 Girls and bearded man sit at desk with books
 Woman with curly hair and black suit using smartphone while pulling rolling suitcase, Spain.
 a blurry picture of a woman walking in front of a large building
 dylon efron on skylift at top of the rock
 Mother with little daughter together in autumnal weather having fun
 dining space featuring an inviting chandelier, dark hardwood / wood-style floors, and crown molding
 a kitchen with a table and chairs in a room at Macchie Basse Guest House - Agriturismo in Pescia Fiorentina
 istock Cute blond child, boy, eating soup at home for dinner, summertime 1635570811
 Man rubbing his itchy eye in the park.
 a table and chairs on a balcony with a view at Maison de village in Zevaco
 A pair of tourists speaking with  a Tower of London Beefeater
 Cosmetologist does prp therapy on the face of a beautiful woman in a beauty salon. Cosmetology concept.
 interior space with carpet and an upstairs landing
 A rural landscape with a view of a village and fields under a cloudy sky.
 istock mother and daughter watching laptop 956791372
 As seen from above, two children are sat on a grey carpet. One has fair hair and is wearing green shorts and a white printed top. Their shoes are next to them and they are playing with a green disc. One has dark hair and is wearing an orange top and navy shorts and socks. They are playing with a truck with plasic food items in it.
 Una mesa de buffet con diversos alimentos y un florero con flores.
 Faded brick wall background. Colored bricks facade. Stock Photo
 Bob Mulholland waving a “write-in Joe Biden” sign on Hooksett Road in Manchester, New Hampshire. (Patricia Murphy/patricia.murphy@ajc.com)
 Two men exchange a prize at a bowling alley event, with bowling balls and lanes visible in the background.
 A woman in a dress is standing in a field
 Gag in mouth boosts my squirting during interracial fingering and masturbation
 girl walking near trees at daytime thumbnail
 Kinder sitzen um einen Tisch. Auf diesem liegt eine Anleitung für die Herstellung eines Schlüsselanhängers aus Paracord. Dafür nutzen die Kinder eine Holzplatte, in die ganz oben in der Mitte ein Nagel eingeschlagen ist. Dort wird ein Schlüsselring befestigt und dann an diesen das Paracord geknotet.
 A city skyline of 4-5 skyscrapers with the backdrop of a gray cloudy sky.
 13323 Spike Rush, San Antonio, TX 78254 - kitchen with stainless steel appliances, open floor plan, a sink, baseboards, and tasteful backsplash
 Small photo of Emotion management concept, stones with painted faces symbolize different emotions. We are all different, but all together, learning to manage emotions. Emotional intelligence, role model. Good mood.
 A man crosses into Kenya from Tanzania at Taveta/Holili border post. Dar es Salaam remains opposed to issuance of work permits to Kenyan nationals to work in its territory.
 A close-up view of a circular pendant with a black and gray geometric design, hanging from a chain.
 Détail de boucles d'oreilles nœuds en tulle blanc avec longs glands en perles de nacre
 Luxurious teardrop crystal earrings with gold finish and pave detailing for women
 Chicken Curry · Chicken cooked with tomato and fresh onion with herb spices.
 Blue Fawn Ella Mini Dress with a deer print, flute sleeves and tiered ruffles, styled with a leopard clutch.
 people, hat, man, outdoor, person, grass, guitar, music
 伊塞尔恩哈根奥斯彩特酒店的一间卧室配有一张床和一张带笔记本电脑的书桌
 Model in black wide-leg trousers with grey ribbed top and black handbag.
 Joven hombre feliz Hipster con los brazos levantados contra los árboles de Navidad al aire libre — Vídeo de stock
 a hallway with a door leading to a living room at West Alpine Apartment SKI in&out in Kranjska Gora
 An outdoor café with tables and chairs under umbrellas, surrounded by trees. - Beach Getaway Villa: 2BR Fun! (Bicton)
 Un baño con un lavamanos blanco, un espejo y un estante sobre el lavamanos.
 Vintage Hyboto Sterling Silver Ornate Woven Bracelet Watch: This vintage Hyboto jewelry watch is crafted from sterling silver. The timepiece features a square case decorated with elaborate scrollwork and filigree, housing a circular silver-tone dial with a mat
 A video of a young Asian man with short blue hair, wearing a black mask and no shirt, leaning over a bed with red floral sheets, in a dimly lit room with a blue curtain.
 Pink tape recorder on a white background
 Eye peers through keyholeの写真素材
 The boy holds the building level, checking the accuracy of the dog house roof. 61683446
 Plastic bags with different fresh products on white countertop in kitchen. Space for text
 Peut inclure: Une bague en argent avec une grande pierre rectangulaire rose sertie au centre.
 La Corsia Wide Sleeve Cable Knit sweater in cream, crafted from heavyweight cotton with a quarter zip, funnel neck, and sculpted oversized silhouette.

════════════════

### Problem
Check each line of these records for the string "background" and state only how many lines have it.

### Written answer
3